Lamentably, however, the fingerling potatoes made deplorably tasteless home fries, which was a total embarrassment to O’Rourke as a diner; to confound it further, the potatoes were no longer hot and had lost the fluffy alpha starchiness* by sitting on the grill in a pile.
(*When starch is heated with water, it turns into alpha starch, which creates the fluffiness and chewiness that we associate with carbohydrates, but as the alpha starch cools, it reverts to the rigid beta starch, which not only tastes dry and crumbly but is also hard to digest. That is why bread and rice stored in refrigerator, pre-reheating, taste simply awful.)

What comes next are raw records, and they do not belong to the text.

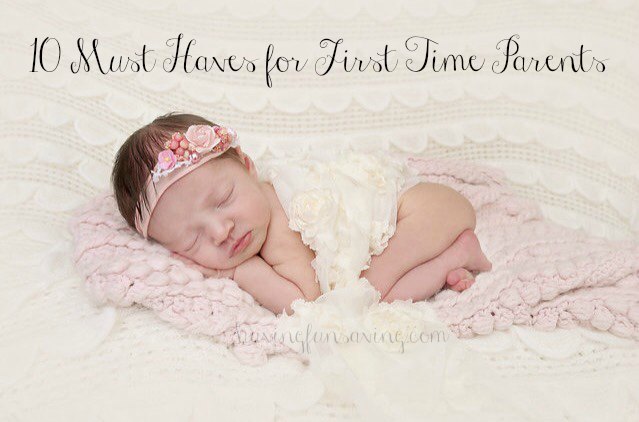 10 Must Haves for First Time Parents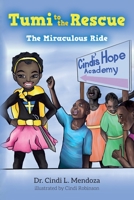 Tumi to the Rescue: The Miraculous Ride 164990522X Book Cover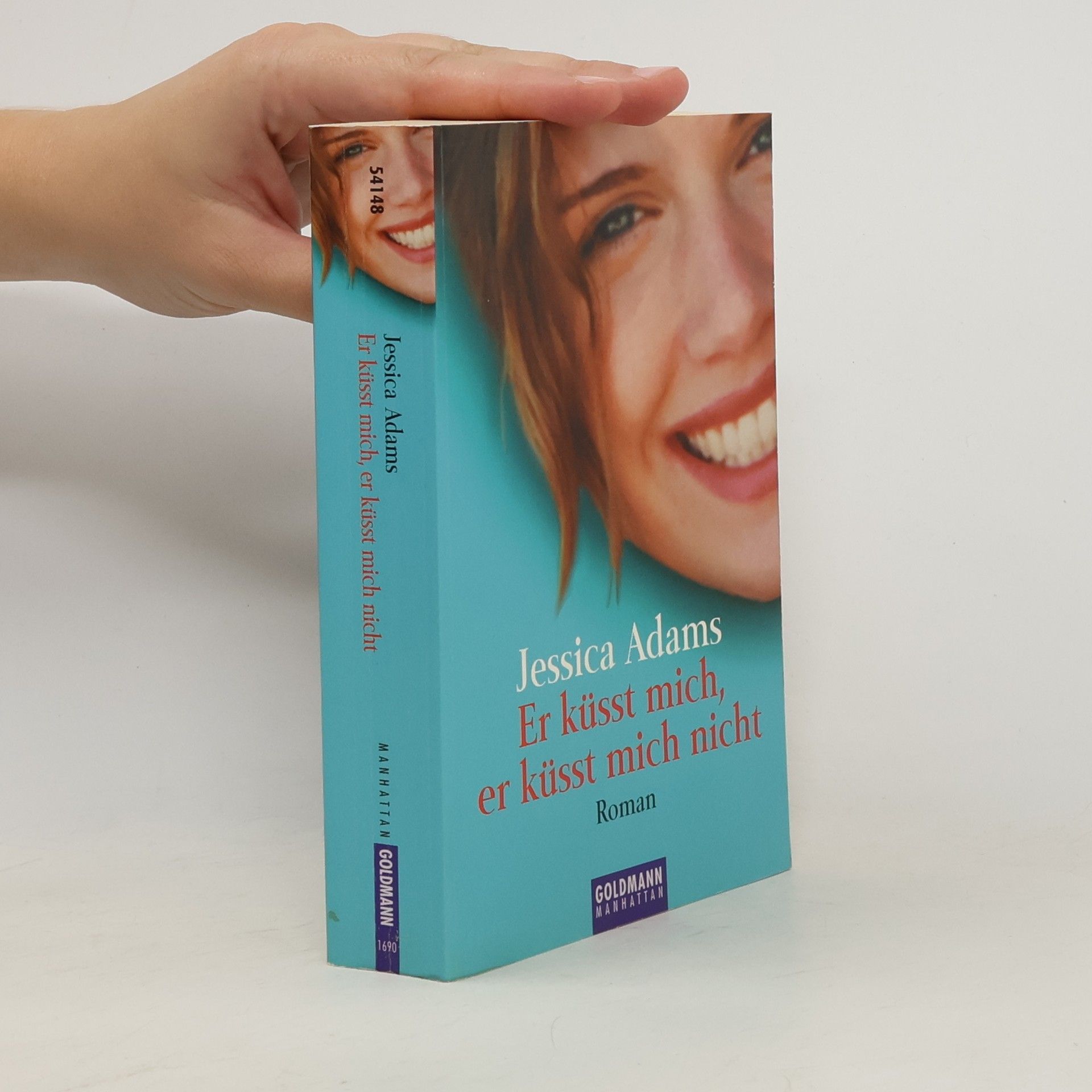 Jessica Adams Er küsst mich, er küsst mich nicht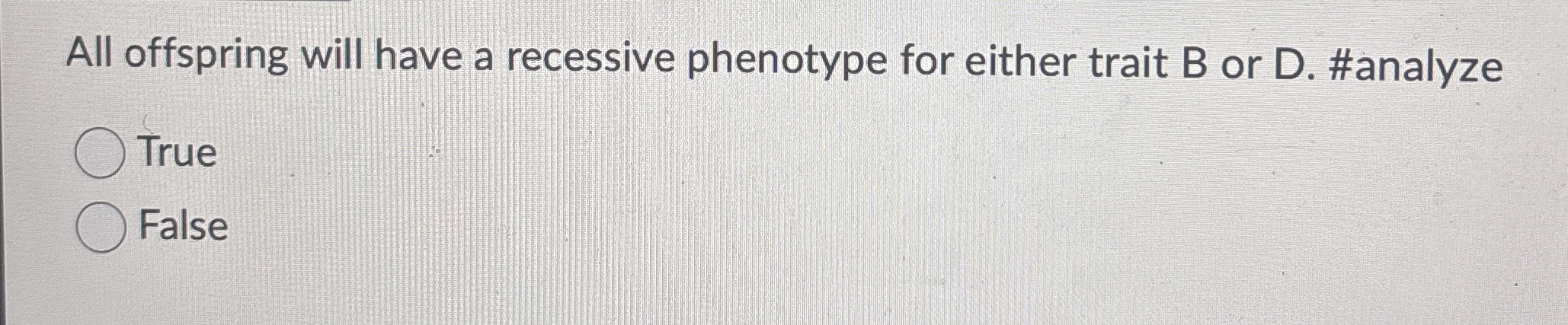 All offspring will have a recessive phenotype for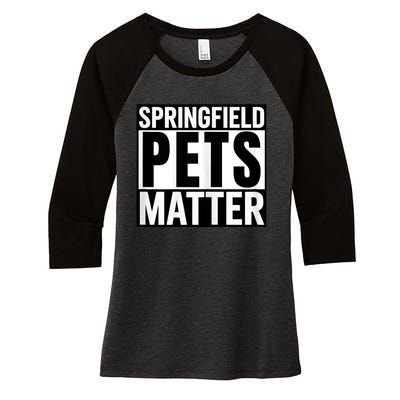 Trump They Are Eating The Dogs Cats Springfield Pets Matter Women's Tri-Blend 3/4-Sleeve Raglan Shirt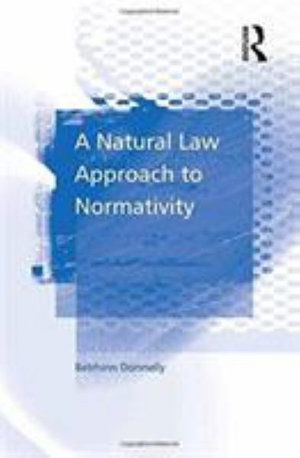 Cover for Bebhinn Donnelly · A Natural Law Approach to Normativity (Paperback Book) (2016)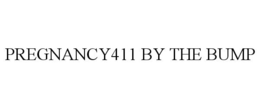 PREGNANCY411 BY THE BUMP trademark
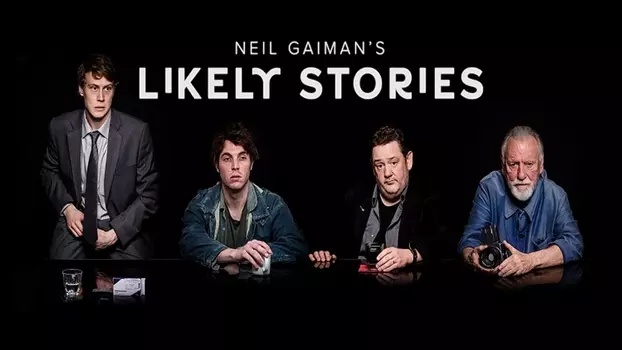 Watch Neil Gaiman's Likely Stories Trailer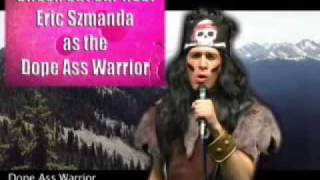 Eric Szmanda As Dope Warrior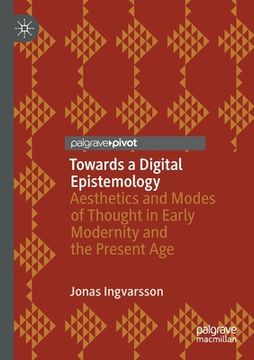 portada Towards a Digital Epistemology: Aesthetics and Modes of Thought in Early Modernity and the Present Age (in English)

Roasted chicken hash – Special hash of the day
The famed funky hash of the day was roasted chicken, which was far removed from any typical hash as could be reasonably conceived, and yet still be called a hash. This meat and potato dish had brown strings of roasted dark meat and chunks of white meat – dark was better – for the protein and had a small amount of mashed potatoes. However, the hash mixed in a lot of other vegetables, including shitake mushrooms – woody and aromatic - and shredded lettuce – for a bright crunch. Somehow the hash tasted disconcertingly familiar, like the featureless face of a person, who had dropped in and out of your life. Half the hash later, nagging mystery was finally solved: It tasted like a chicken salad, but hot. Although it was still not your conventional chicken salad, the acidity of the mayonnaise and the crunch from the diced celery were present, which brought lightness to this unusual meat and potato breakfast favorite.
The “manly” Mr. O’Rourke, who wore an O’Rourke’s Diner T-shirt declaring “男士” (man in Chinese) (the other version, available for sale, was a printed yin-yang sign) gave a tour of the kitchen on our way out. I wonder if he would ever be able to leave his beloved diner long enough to visit the land he dreams about. But then, isn’t it rather romantic to keep dreaming about such faraway places in an Irish green surrounding, while cooking up marvelous breakfasts, in Middletown, Connecticut? I think it is.